__TASK TO CARRY OUT__:
Produce a word-for-word copy of the line that contains "producto-1831490" and each line after it through the end of the material, omitting pictures and all other lines.

__RAW DATA__:
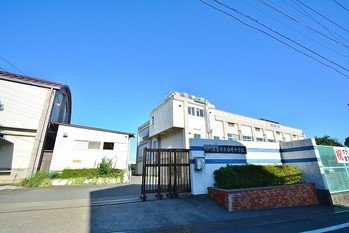 detached 東京都町田市森野１丁目31-10　渋谷グリーンテラスⅡ1F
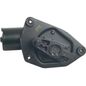 producto-1831490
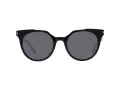 Ana Hickmann Lunettes de Soleil HI 9137 A01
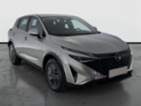 Nissan Qashqai, 1.3 DIG-T MHEVAcenta ,, SUV,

__ANSWER TO THE EXERCISE__:
 producto-1831490
 Ana Hickmann Lunettes de Soleil HI 9137 A01
 Nissan Qashqai, 1.3 DIG-T MHEVAcenta ,, SUV,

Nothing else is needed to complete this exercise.